I get $$\vec{v}=(a*cos(t), b*sin(t))$$ and therefore $$\vec{a}=(a*sin(t), -b*cos(t))$$

Nooo … if (x,y) is X, then:

dX/dθ = (-a.sinθ,b.cosθ).

Now, you're told that speed is a constant, v°.

So you can get a differential equation for θ from:

v°² = (dX/dt)² = (dX/dθ)²(dθ/dt)² = … ?

(btw, an alternative useful parameter would have been the usual arc-length, s, since we know, in this case, ds/dt = vº.)

 

[raul_l]

$$\vec{r}= (a*cos(\theta),b*sin(\theta)$$

$$\vec{v}= \frac{d \vec{r}}{dt}$$

$$v_{0}^{2} = (\frac{d \vec{r}}{dt})^2 = (\frac{d \vec{r}}{d \theta})^2 (\frac{d \theta}{dt})^2 = (-a*sin(\theta),b*cos(\theta)^2 (\frac{d \theta}{dt})^2$$

$$v_{0}^{2} dt^2 = (a^2 sin^2 (\theta) + b^2 cos^2 (\theta)) d \theta^2$$

$$v_{0}t = \int{ \sqrt{(a^2 sin^2 (\theta) + b^2 cos^2 (\theta))} d \theta }$$

Is this correct? I don't know how to take this integral.

 

[tiny-tim]

Hi raul_l!

You don't need to take the integral. You're not asked to find r or θ in terms of t.

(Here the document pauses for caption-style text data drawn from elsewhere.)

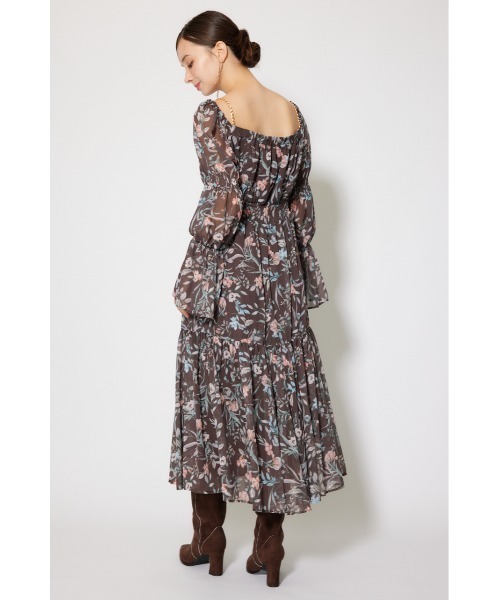 rienda（リエンダ）の「レースアップフラワーパターンフレアワンピース 秋服 冬服（ワンピース・レディース・ライトピンク/ブラウン/ネイビー・FREE）」の7枚目の写真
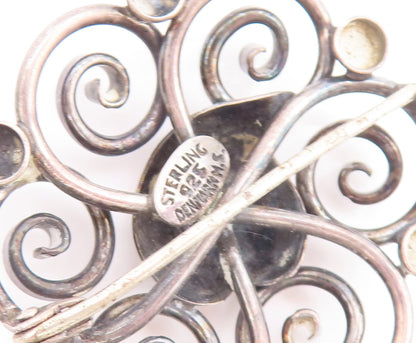 925 Sterling Silver Vintage Brooch Pin DENMARK Cutout Spiral Flower  BP11013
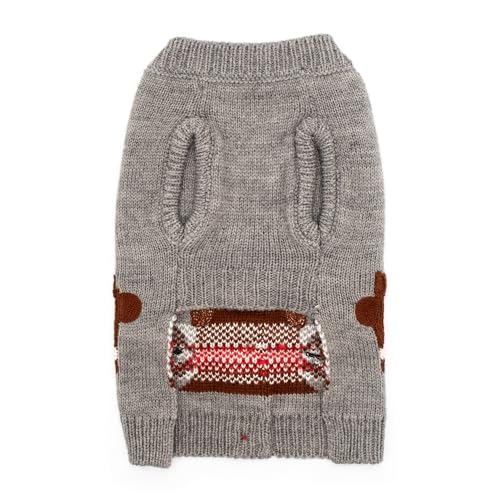 THE WORTHY DOG Sock Monkey Sleeveless Cardigan Dog Sweater – Warm Pullover Dog Clothes with Faux Pockets & Buttons, Heathered Knit - Gray, X-Small - color: Sock Monkey - Gray, size: X Small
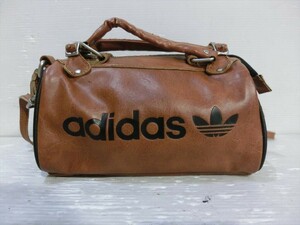 T【F4-54】【60サイズ】▲adidas アディダス/ミニボストン フェイク レザー ショルダーバッグ/※破れ・使用感有り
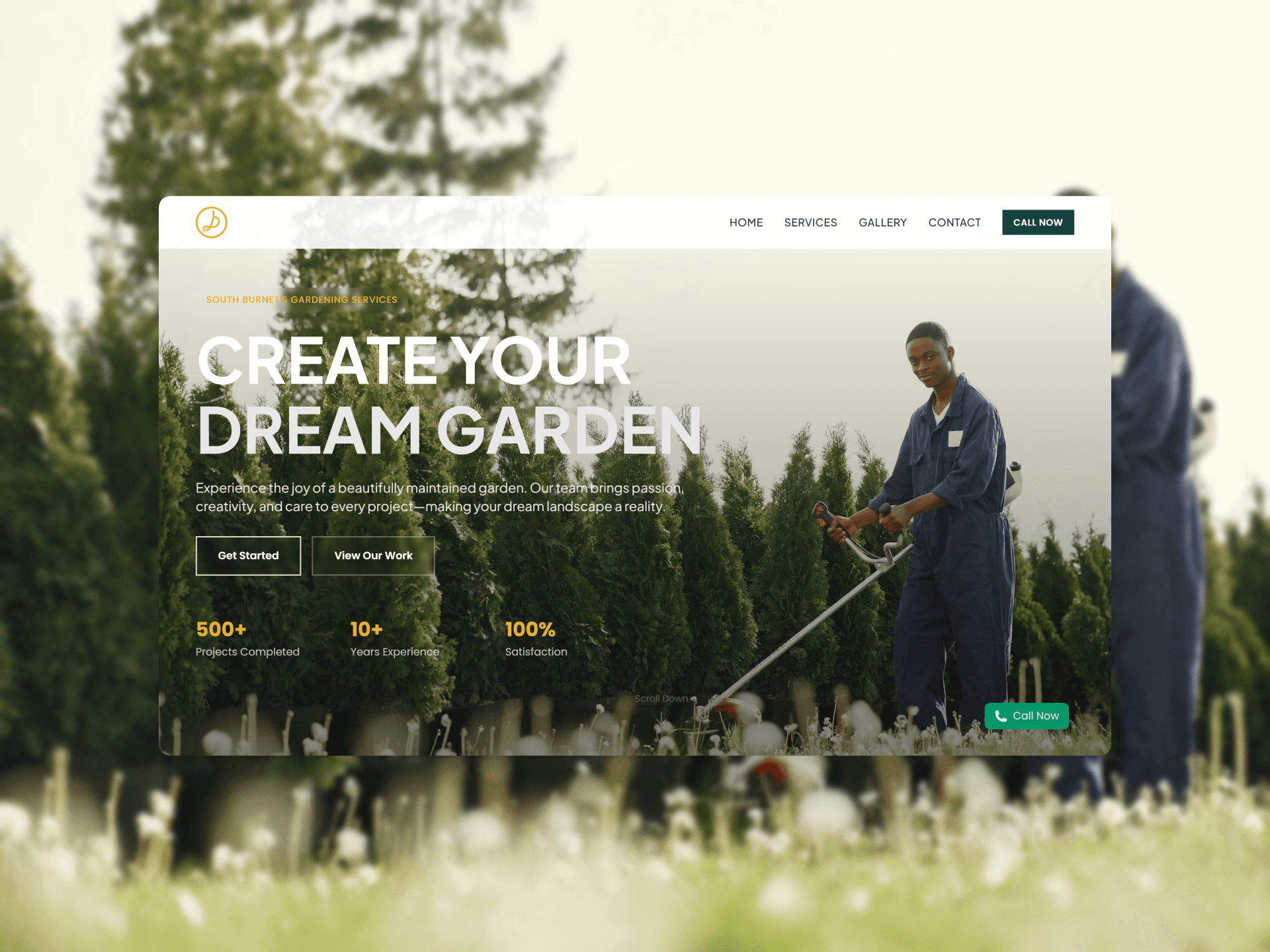 Dio's Gardening Services website homepage on a desktop screen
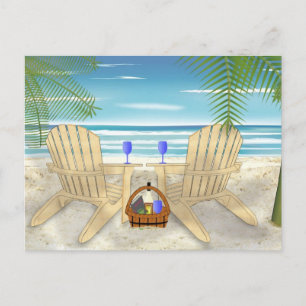 Strand Szene Postkarte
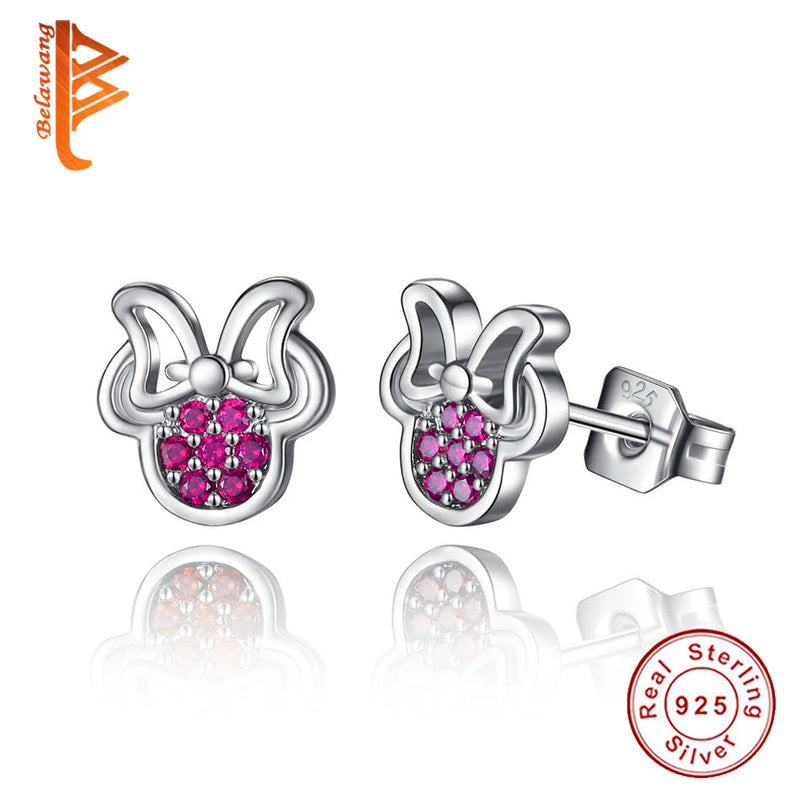 925 Silver Minnie Shape Crystal Stud Earrings for Kids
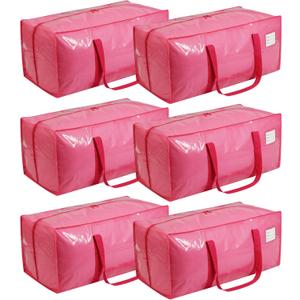 VTSVTS 6 Pack Extra Heavy Duty Large Moving Bags with Comfortable Handle & Strong Zipper,Storage Totes for Space Saving Moving Storage College Supplies Alternative to Moving Box,Pink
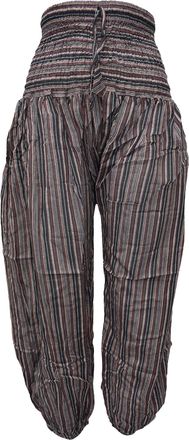 Gheri Womens Striped Multilayered Elasticated Waist Cotton Lightweight Lounge Pants Brown Stripy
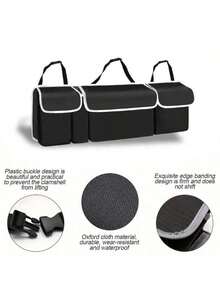 汽车整理器后备箱储物袋，带 4 个口袋多功能汽车后备箱整理器，后座储物袋，带 3 个可调节肩带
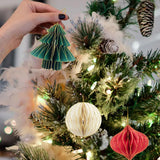 6Pcs Christmas Tree Honeycomb Ball Hanging Pendants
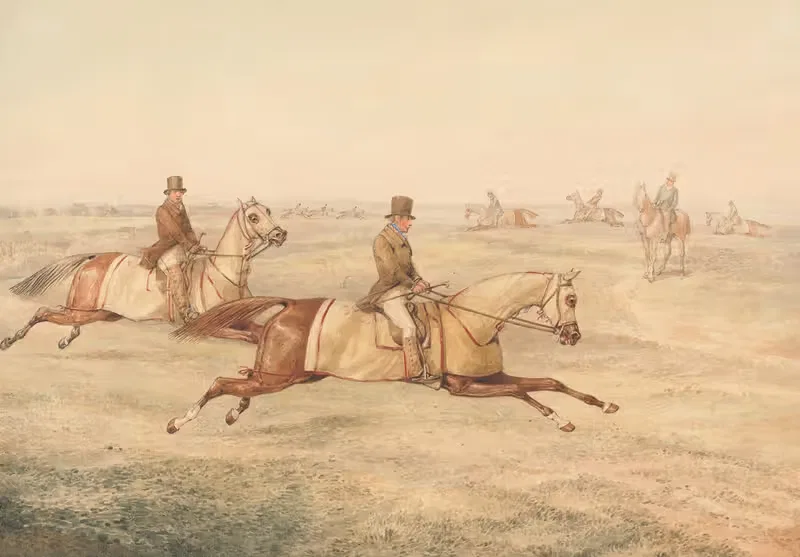 Two Riders Exercising Horses at a Gallop — Henry Thomas Alken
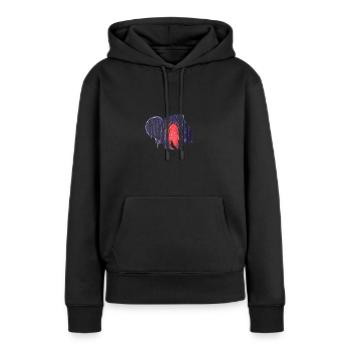 Belle nuit femme avec loup - Sweat à capuche Premium bio Femme - noir - Devant - Julia (174cm)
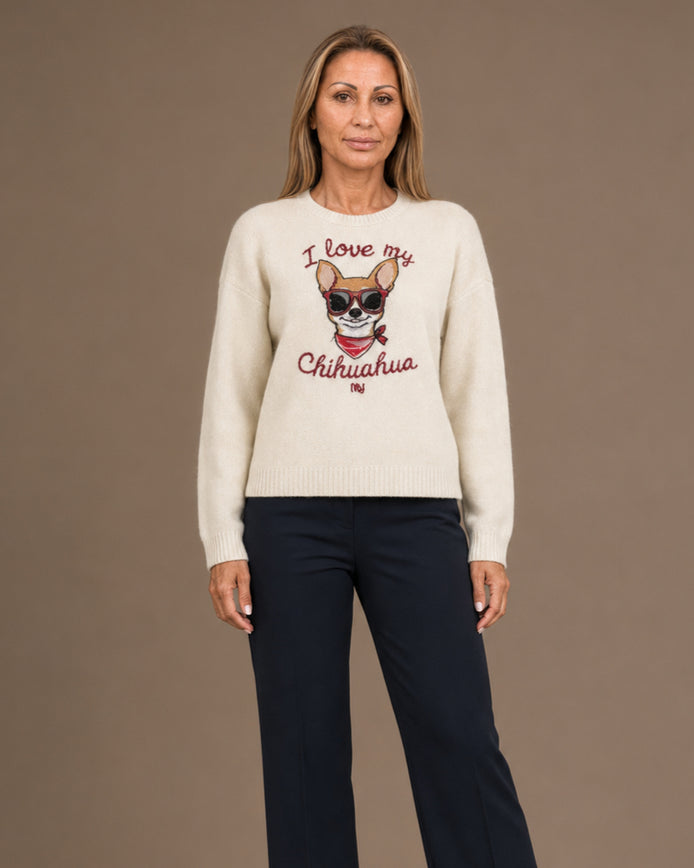 Artigli Abbigliamento Maglia con patch Chihuahua 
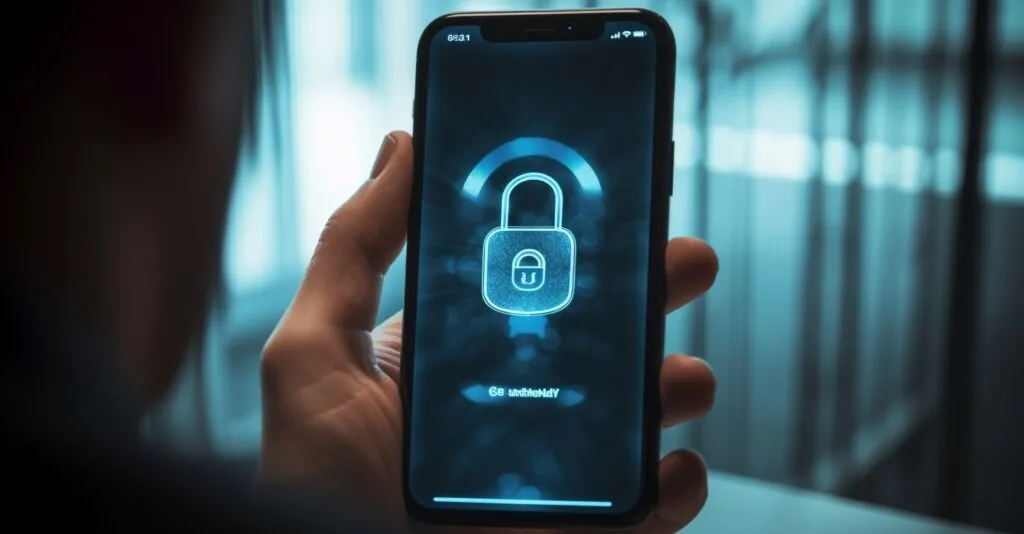 User Holding A Smartphone With A Password App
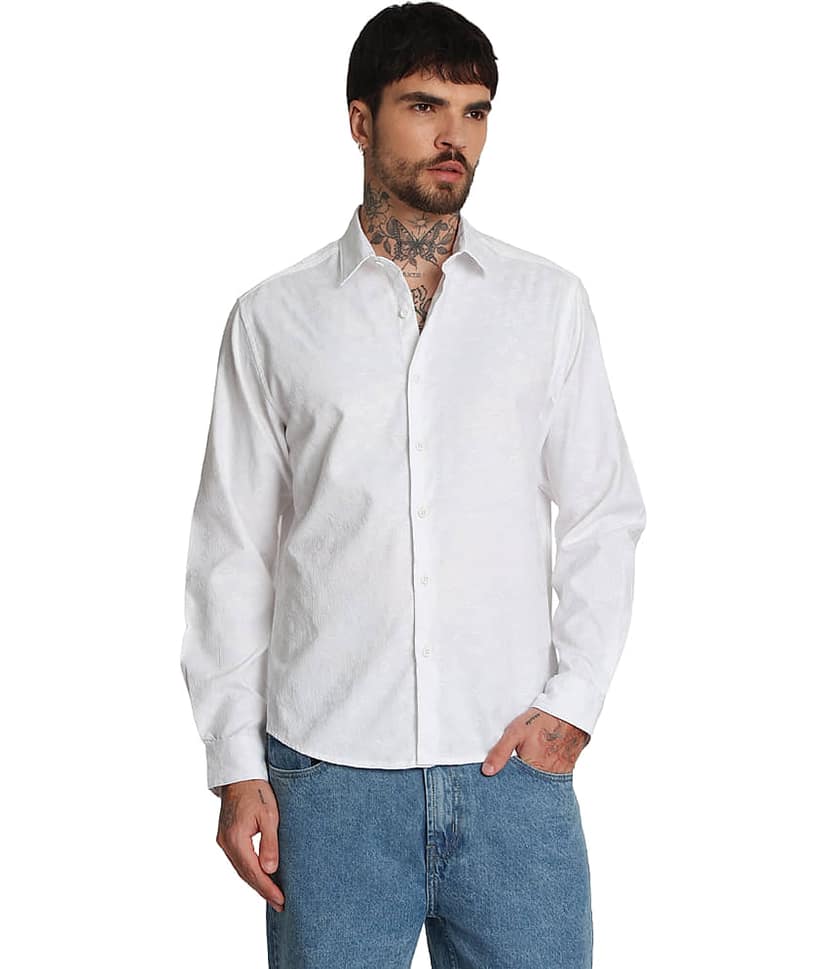 Bene Kleed Poly Cotton Regular Fit Self Design Full Sleeves Men's Casual Shirt - White ( Pack of 1 ) view 7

You're only asked for dr/dt and d²r/dt².

And you know what dθ/dt is.

So … ?

 

[raul_l]

$$\frac{d \theta}{dt} = v_{0} \sqrt{ \frac{1}{a^2 sin^2 (\theta) + b^2 cos^2 (\theta)} }$$ I still don't know what to do with this.

$$\vec{r}= (a*cos(\theta),b*sin(\theta)$$

and therefore

$$\frac{d \vec{r}}{dt} = (a\frac{d cos(\theta)}{dt},b\frac{d sin(\theta)}{dt}) = (a\frac{d cos(\theta)}{d \theta}\frac{d \theta}{dt},b\frac{d sin(\theta)}{d \theta}\frac{d \theta}{dt}) = (-a*sin(\theta) v_{0} \sqrt{ \frac{1}{a^2 sin^2 (\theta) + b^2 cos^2 (\theta)}},b*cos(\theta) v_{0} \sqrt{ \frac{1}{a^2 sin^2 (\theta) + b^2 cos^2 (\theta)}})$$

By substituting θ with arccos(x/a) or arcsin(y/b) I get

$$\frac{d \vec{r}}{dt} = (-a\frac{y}{b} v_{0} \sqrt{ \frac{1}{a^2 \frac{y^2}{b^2} + b^2 \frac{x^2}{a^2}}},b\frac{x}{a} v_{0} \sqrt{ \frac{1}{a^2 \frac{y^2}{b^2} + b^2 \frac{x^2}{a^2}}})$$

In order to get a I need d²θ/dt². How do I do that?

 

[tiny-tim]

$$\frac{d \vec{r}}{dt} = (-a\frac{y}{b} v_{0} \sqrt{ \frac{1}{a^2 \frac{y^2}{b^2} + b^2 \frac{x^2}{a^2}}},b\frac{x}{a} v_{0} \sqrt{ \frac{1}{a^2 \frac{y^2}{b^2} + b^2 \frac{x^2}{a^2}}})$$

ooh, that's messy.

The square-root can be simplified … $$\frac{ab}{\sqrt{ a^4 y^2\,+\,b^4 x^2}}$$ !

In order to get a I need d²θ/dt². How do I do that?

easy-peasy … d²θ/dt² = (d/dt)(dθ/dt) = [(d/dθ)(dθ/dt)]dθ/dt.

 

[raul_l]

Ok, thanks a lot. That really helped.